◆ **RECORDS FOR PROCESSING**:
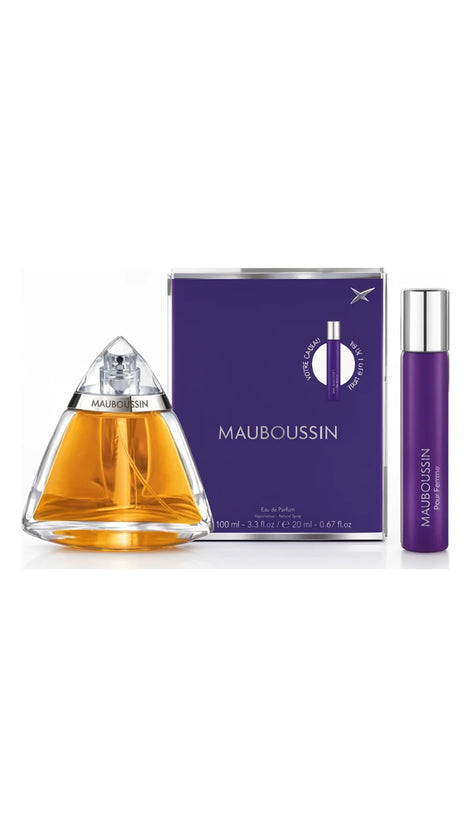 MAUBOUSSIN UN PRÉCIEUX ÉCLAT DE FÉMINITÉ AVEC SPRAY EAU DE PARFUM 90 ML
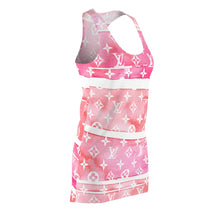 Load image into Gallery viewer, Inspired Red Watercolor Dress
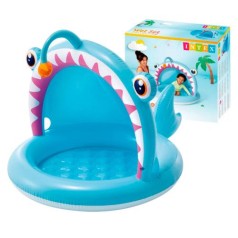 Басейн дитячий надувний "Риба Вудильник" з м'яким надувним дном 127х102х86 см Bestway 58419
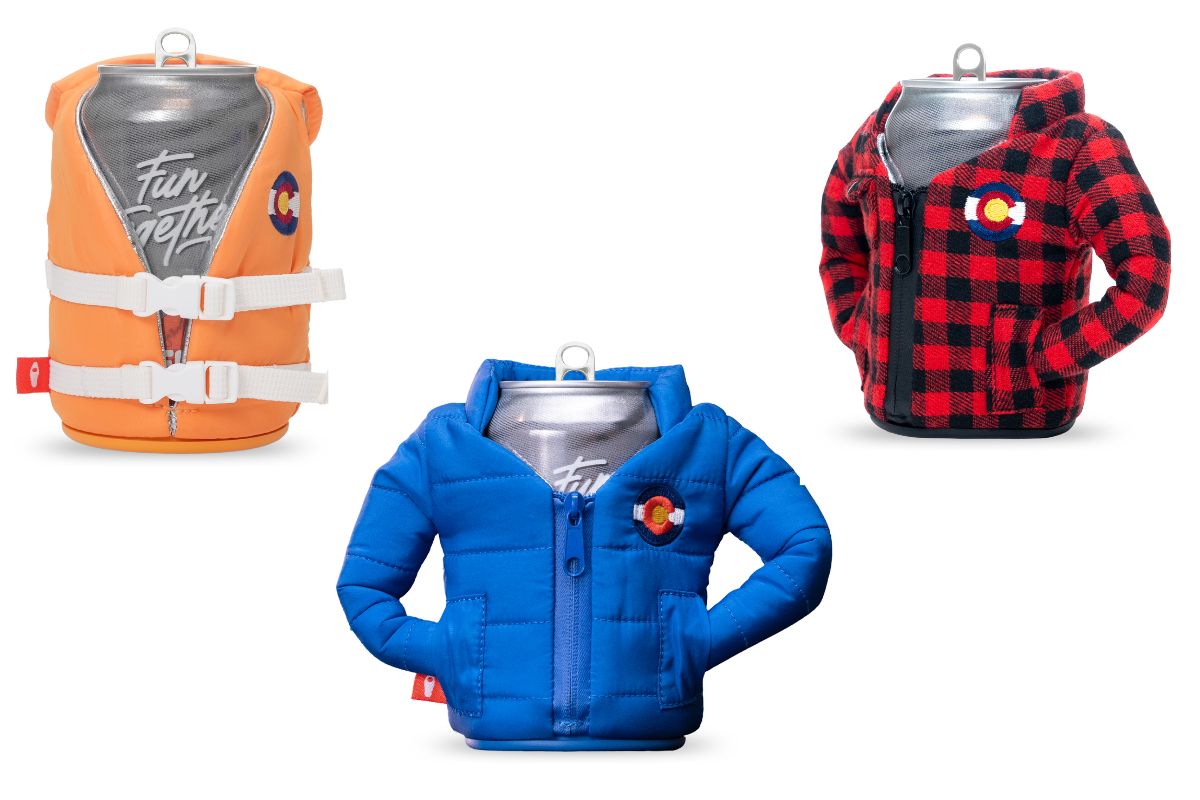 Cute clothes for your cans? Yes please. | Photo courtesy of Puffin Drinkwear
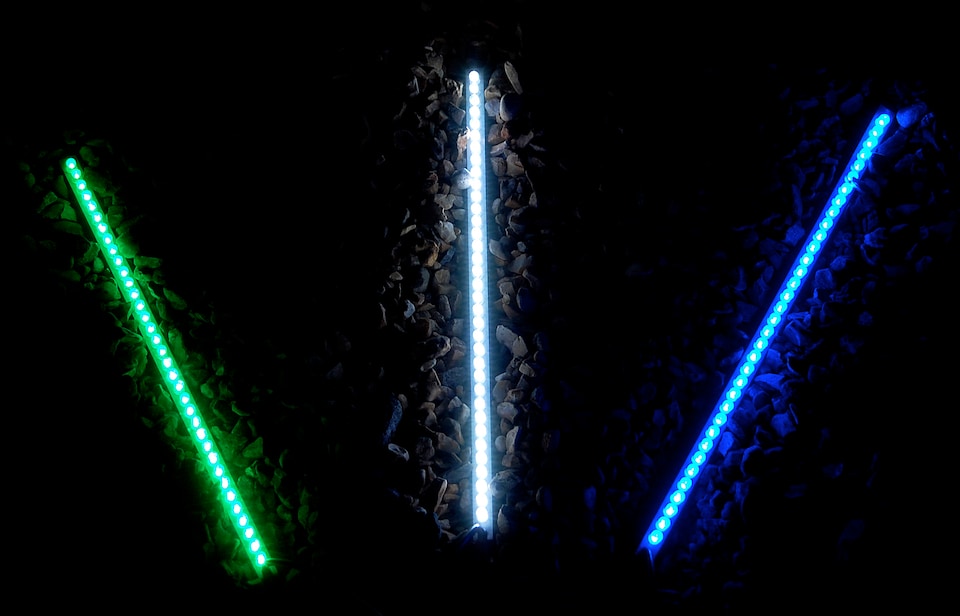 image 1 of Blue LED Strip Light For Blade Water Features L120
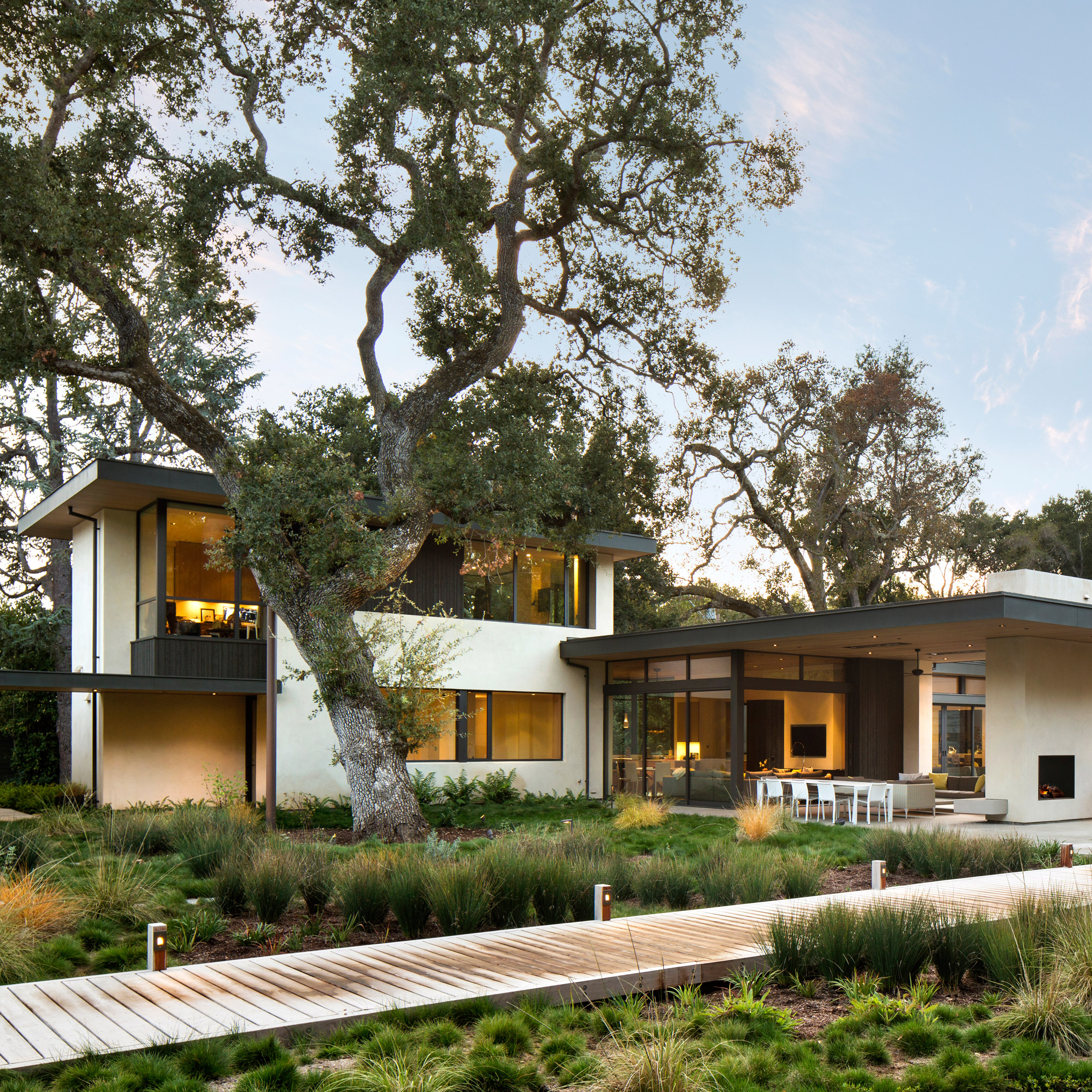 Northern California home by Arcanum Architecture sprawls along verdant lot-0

◆ **WHAT YOU NEED TO DO**:
Print exactly the lines from the first line of the records above through the line containing "Cute clothes for", both included, and leave the pictures out.

◆ **FINAL ANSWER**:
 MAUBOUSSIN UN PRÉCIEUX ÉCLAT DE FÉMINITÉ AVEC SPRAY EAU DE PARFUM 90 ML
 Load image into Gallery viewer, Inspired Red Watercolor Dress
 Басейн дитячий надувний "Риба Вудильник" з м'яким надувним дном 127х102х86 см Bestway 58419
 Cute clothes for your cans? Yes please. | Photo courtesy of Puffin Drinkwear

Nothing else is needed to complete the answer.